Apocalypse now

There ain’t nothing like that first week of the Tour, boys and girls. And this has been a particularly bad first few days, what with various other chores coinciding with my need to work five days a week for three weeks at VeloNews.com.

After 20 years of cracking lame cycling gags I occasionally find myself with a nasty case of writer’s block, and wouldn’t you know it? This was one of those times. And me with deadlines at Bicycle Retailer & Industry News (two columns and a “Shop Talk” cartoon strip) and VeloNews (editorial cartoon).

Never get out of the fuckin' boat!
Never get out of the fuckin' boat!

I pushed the envelope so far it turned inside out, creating a wormhole that took me to an alternate universe containing a Patrick O’Grady who was still about half funny. Happily, when I showed up my dopplegänger was asleep under his drawing board with an empty bottle of tonsil polish in one limp paw (some things transcend time and space), so I appropriated his work and returned to my own universe just in time to beat my deadlines.

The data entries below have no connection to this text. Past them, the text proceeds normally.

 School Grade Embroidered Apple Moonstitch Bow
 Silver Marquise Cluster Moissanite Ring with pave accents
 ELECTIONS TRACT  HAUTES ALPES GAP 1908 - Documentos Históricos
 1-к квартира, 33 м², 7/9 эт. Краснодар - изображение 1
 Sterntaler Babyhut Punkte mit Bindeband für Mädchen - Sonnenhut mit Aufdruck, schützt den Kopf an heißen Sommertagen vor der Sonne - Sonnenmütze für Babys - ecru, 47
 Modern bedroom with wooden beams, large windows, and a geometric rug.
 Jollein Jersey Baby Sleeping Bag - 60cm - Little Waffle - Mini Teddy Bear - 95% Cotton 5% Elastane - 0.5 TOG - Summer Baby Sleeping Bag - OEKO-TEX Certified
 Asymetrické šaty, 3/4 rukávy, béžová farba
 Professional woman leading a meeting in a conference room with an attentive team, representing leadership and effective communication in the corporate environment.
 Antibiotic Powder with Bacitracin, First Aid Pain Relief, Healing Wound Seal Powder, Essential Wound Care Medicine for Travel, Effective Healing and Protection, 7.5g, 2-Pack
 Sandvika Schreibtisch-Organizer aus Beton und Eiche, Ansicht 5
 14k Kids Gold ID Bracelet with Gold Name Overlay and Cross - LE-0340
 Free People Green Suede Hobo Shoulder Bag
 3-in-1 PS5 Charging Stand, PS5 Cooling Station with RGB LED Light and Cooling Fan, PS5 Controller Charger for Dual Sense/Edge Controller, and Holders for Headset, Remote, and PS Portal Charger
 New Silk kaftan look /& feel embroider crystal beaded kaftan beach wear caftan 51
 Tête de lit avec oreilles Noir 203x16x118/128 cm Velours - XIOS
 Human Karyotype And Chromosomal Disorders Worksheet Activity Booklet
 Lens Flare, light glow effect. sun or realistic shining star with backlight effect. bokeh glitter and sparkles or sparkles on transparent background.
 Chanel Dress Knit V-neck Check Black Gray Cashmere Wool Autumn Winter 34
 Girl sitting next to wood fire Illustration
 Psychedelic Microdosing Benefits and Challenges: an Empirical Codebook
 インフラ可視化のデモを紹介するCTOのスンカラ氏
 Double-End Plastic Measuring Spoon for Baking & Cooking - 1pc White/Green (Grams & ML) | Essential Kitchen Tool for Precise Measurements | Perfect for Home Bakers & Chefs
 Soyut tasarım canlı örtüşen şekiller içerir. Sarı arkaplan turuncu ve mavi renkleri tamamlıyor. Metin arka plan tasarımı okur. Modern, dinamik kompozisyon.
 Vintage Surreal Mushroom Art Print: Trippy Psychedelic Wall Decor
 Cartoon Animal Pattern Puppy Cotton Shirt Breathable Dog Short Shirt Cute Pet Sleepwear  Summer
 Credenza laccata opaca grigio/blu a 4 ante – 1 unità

But is this my universe? Lance Armstrong is not winning the Tour — far from it, he sits in 18th place, 2:30 behind Fabian Cancellara, and is getting heckled by spectators calling him “dopehead” and “cheat.” And Mark Cavendish is getting his ass handed to him in the sprints. The renowned sprinter Andy Schleck has more points than Cav’, f’chrissakes.

Shit. I should’ve listened to Chef. “Never get out of the boat.” Not even to beat a deadline.

Rubber side down, boys

Well, sheeyit. I didn’t get out for that bike ride after all. Family commitments, shopping and what have you. I did ride the Vespa for a while, which counts as exercise only because I was fighting a fairly insane wind. And earlier in the day I did twitch and cringe a few times as three crashes marred the final 3km in stage one of the Tour de France. That’s aerobic, right?

I’ve not seen an authoritative account of who did what to whom, but one theory has it that in the first significant pileup Cervélo’s Jeremy Hunt took out Rabobank’s Oscar Freire in a turn, and that HTC’s Mark Cavendish bit the bag as well. There was a Glasgow kiss being delivered there, but as I was watching via the Innertubes with bad eyeballs I couldn’t tell who was pitching and who was catching. To some, it looked like Cav’ was the guilty party.

The second asphalt inspection was a beaut’ that clogged the road from curb to curb. I think everyone went down in that one except for Phil and Paul.

Still, my favorite was the final crash in which Garmin’s Tyler Farrar found himself trying to catch Lampre’s Alessandro Petacchi with Lloyd Mondory’s bike stuffed into his rear wheel. What looked like a minor annoyance to him probably would’ve sent you or me to the hospital, or the morgue. Fine job of keeping the side up there, Hoss.